Frederick Barcham Leney (29 November 1876 – 25 July 1921) was an English brewery executive and amateur cricketer who played one first-class cricket match for Kent County Cricket Club in 1905.[1]
Leney was born at Wateringbury near Maidstone in Kent in 1876 and was educated at Bradfield College where he was in the school cricket and association football teams.[2][3] He played for Kent's Second XI between 1903 and 1906 and played club cricket for Wateringbury Cricket Club, which he captained,[3] The Mote and for MCC.[4] He made his only Kent First XI appearance in 1905 against Oxford University.[4]
Leney's father Augustus had established the Phoenix Brewery at Wateringbury in 1843 and Frederick, the eldest son, went into the family business after leaving school, becoming a Director by 1911.[3][5] At the outbreak of World War I he joined the British Red Cross as a Red Cross Searcher. He served with the organisation in France and Egypt until December 1916 when he was discharged and returned to run the brewery, his father having died in a hunting accident the previous year.[3][6]

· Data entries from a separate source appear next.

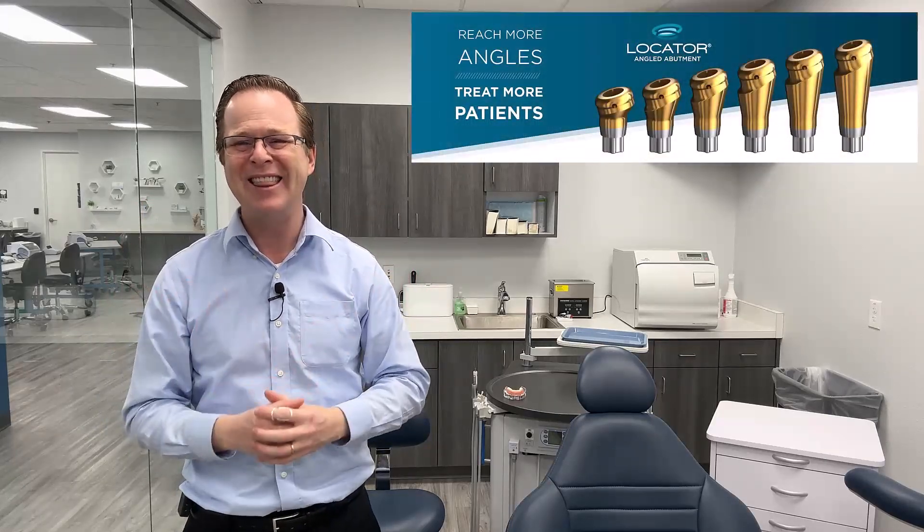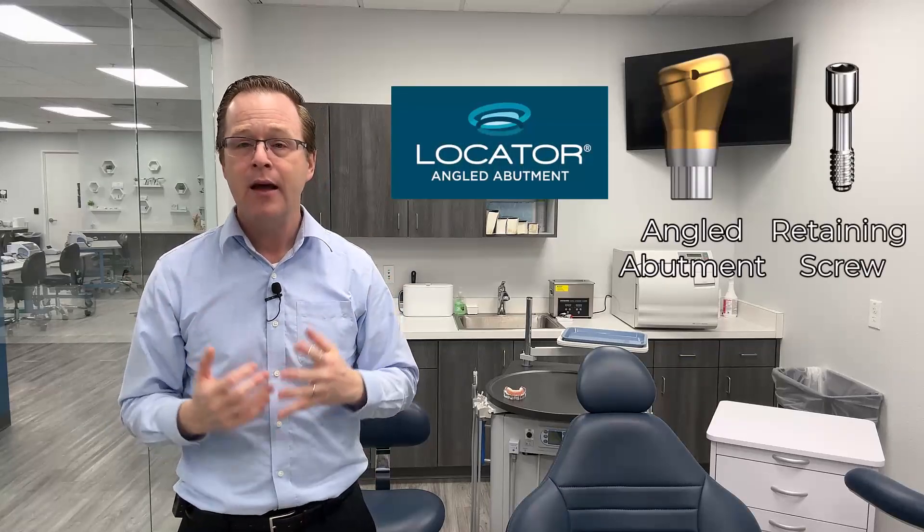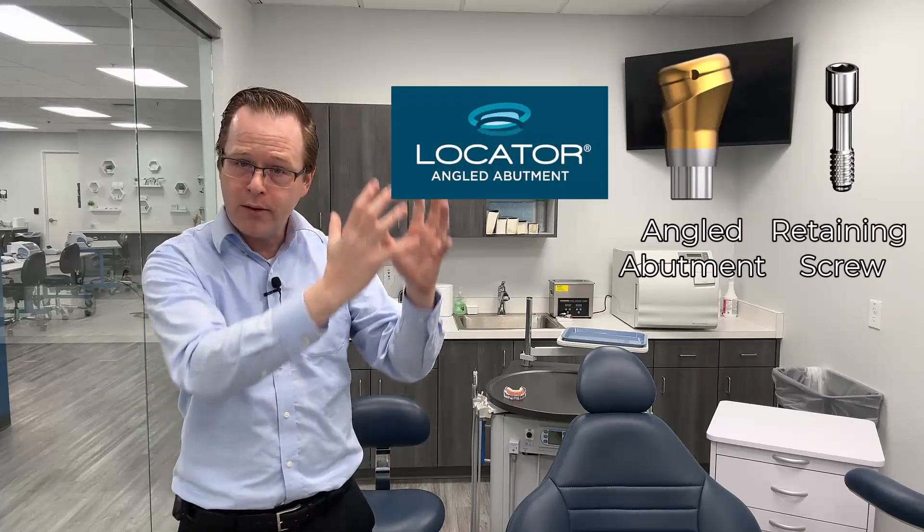So the industry and professionals — dentists, technicians — we've spoken, and we said we need an angled locator. And that's here. It's a two-piece abutment. It has the standard titanium nitride abutment, and it has a titanium retaining screw that allows us to place our implant in multiple positions.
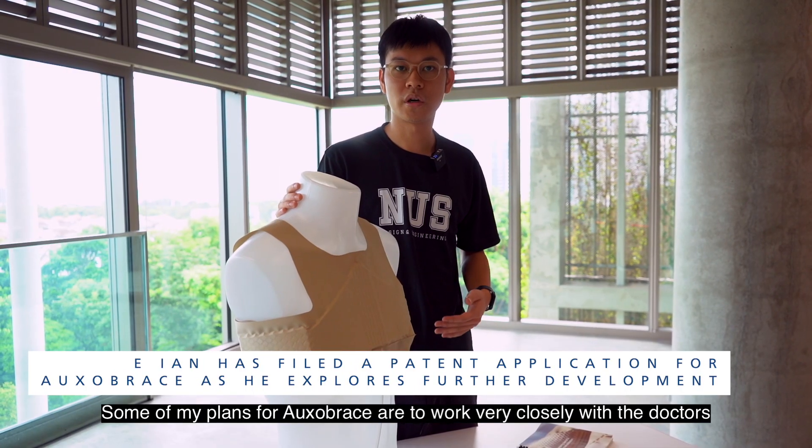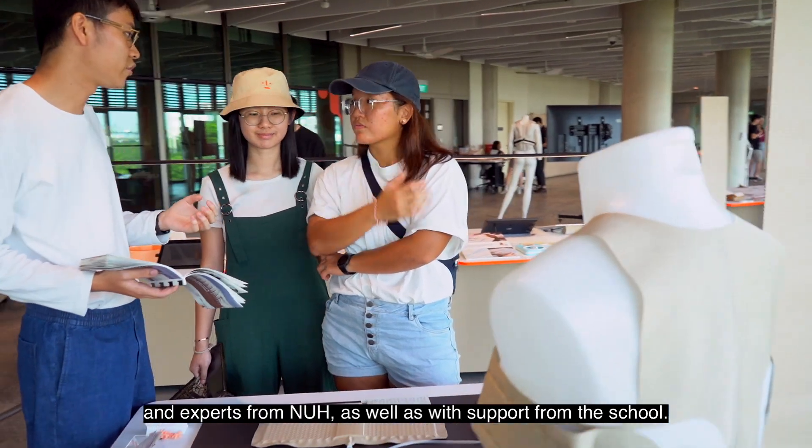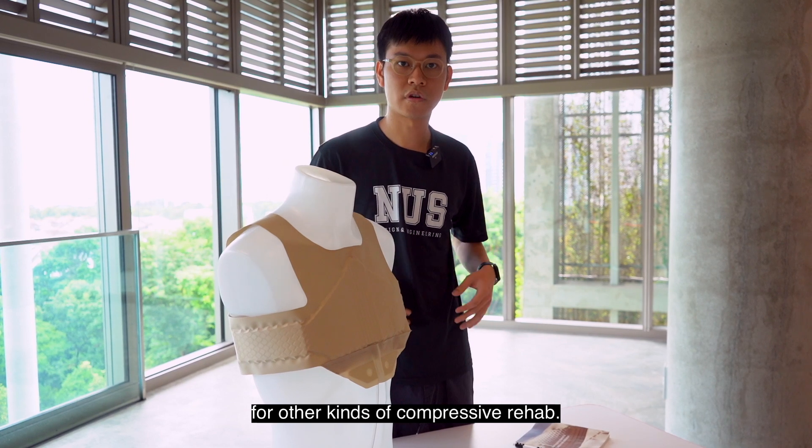Some of my plans for Oxalbrace are to work very closely with doctors and experts from NUH, as well as with the support from the school, and to further develop this structure going beyond sternum rehabilitation to see where it can be applied for other kinds of compressive rehab.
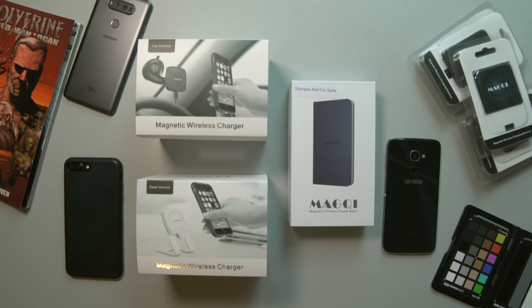What is up everybody? It's Larry back with you and today we're going to be taking a look at an all-around wireless system for any phone that you own. Whether your phone already has wireless charging or is in desperate need of wireless charging like the three phones that I have here — all these are great phones but all of them are lacking one key feature and that's wireless charging.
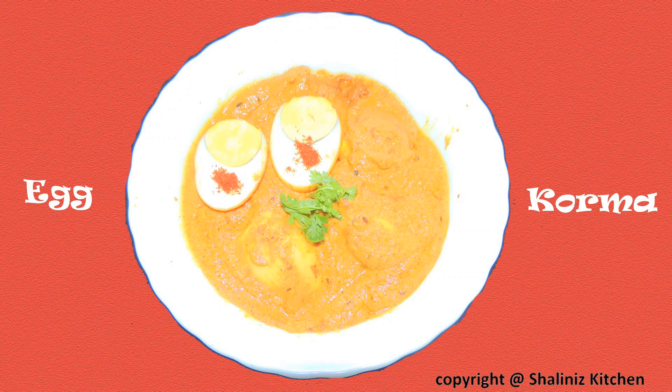Hello and welcome to Shalini's kitchen. Today I am going to show you how to make egg korma at home. So let's start making it.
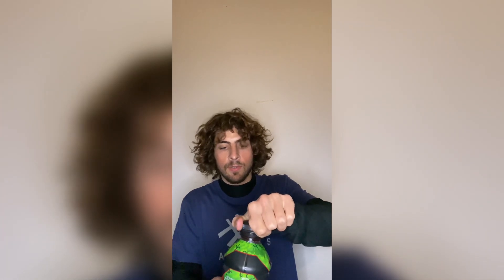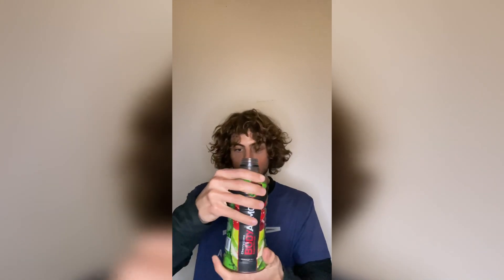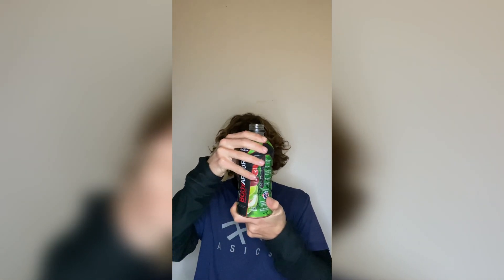Hope everyone is getting ready for the summer — excited for the summer. Temps are warming up, which means these sort of drinks are going to be needed. Water is also good. These both are zero sugar, the Vitamin Waters, and this one — the Body Armor — I believe has sugar. Quite a bit, yeah, it's got 49 grams of sugar for the whole bottle.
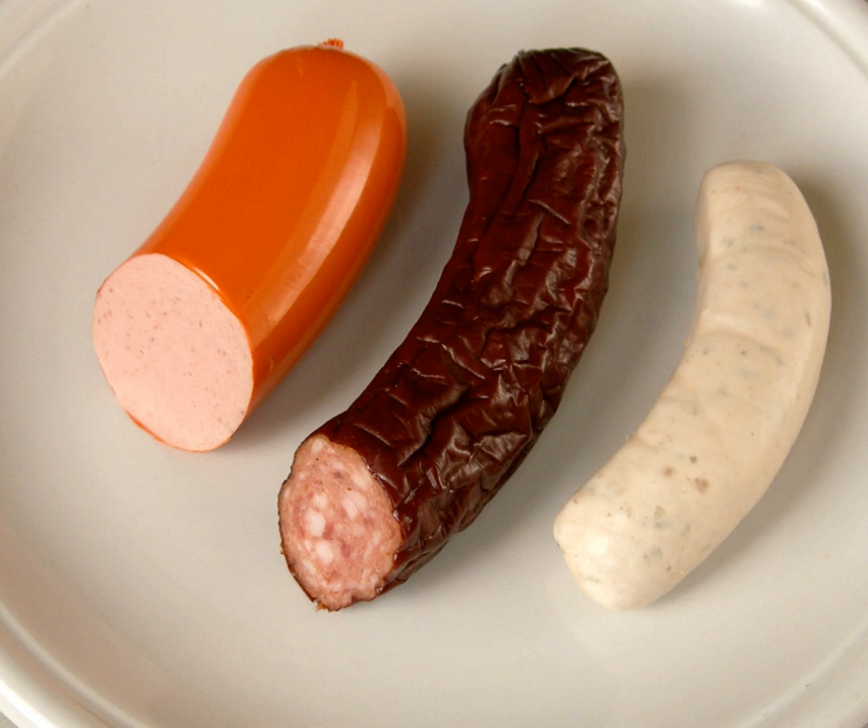The consistency of a scalded sausage depends on the water-binding capacity of the meat. This is particularly high immediately after slaughter, so that sausages were traditionally made from still warm, freshly slaughtered meat. In contemporary times, sausages are mainly produced using chilled or matured meat. In addition, fat stabilization and structure formation are crucial factors in cooked sausage.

Leney died suddenly at the Railway Hotel in Galway in July 1921 aged 44.[3][7][8] His uncle, Herbert, played four first-class matches for Kent.[9] The family business, which had been renamed Frederick Leney & Sons in 1896, was taken over by Whitbread in 1927 and then by Fremlin's Brewery in the 1960s.[10] It operated until 1981, although the site has since been used as a distribution depot for Whitbread.[11][12]